Material provided —
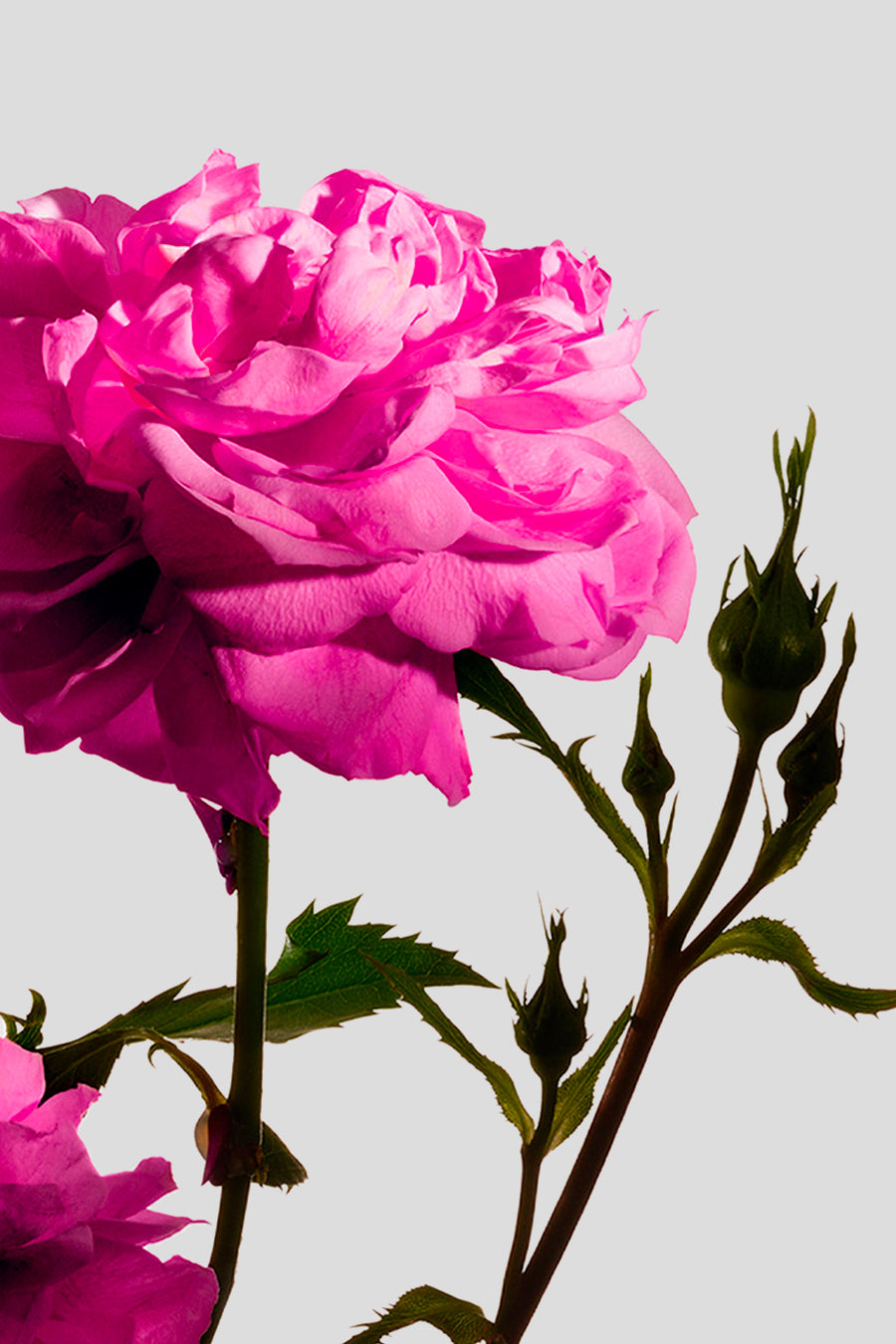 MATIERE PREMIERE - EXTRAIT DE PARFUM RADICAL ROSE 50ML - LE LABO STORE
...
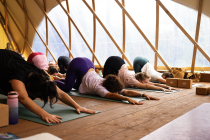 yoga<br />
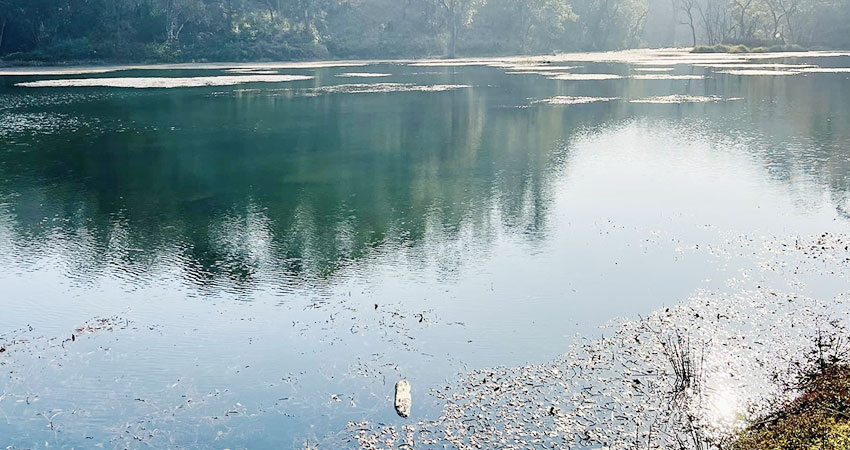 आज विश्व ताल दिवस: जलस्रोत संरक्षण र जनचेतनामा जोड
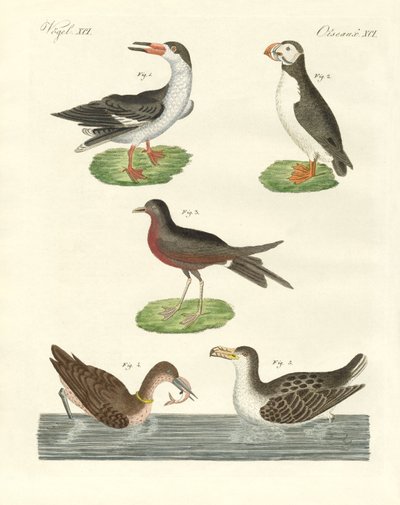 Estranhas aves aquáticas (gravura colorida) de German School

About this task — Starting from the line with "आज विश्व ताल" in the records above, repeat each line exactly until you have written the line with "Estranhas aves aquáticas", then stop; drop the pictures.

Task response —
 आज विश्व ताल दिवस: जलस्रोत संरक्षण र जनचेतनामा जोड
 Estranhas aves aquáticas (gravura colorida) de German School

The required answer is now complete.